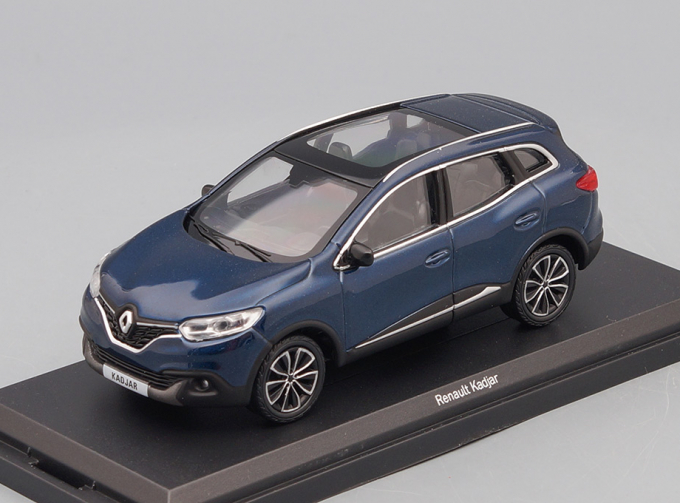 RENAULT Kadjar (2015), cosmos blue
* * *
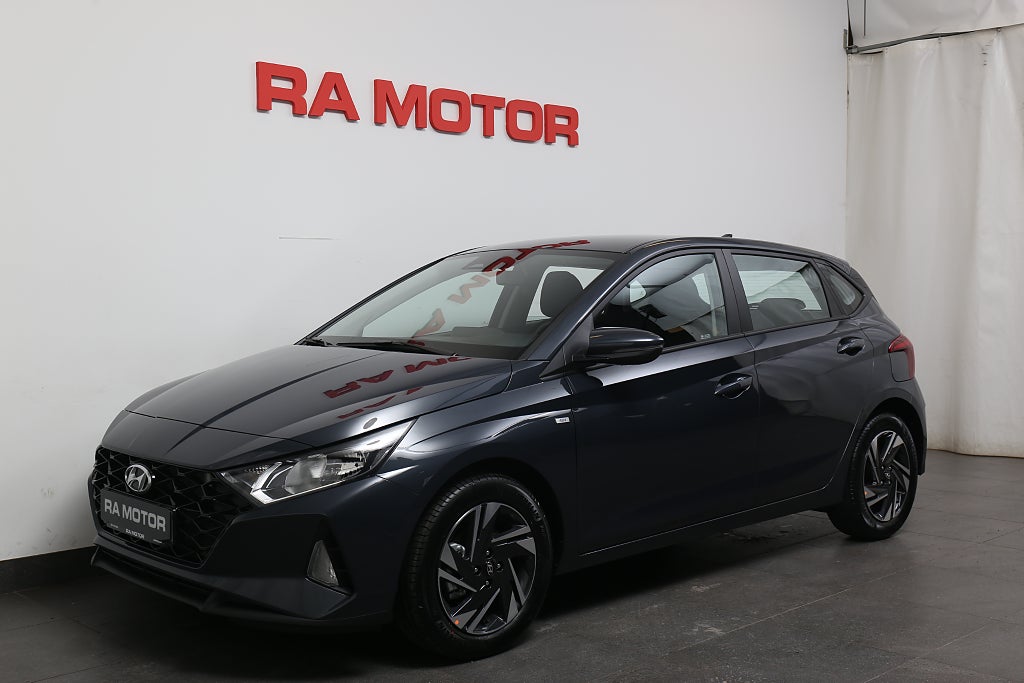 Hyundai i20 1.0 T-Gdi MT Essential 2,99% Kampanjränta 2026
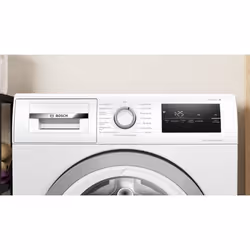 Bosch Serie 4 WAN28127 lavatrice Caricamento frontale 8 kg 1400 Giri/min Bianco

• _ACTIVITY_:
Take the lines above starting at the one containing "Hyundai i20 1.0" and ending at the one containing "Bosch Serie 4", and print them again exactly, without pictures.

• _PROBLEM SOLUTION_:
 Hyundai i20 1.0 T-Gdi MT Essential 2,99% Kampanjränta 2026
 Bosch Serie 4 WAN28127 lavatrice Caricamento frontale 8 kg 1400 Giri/min Bianco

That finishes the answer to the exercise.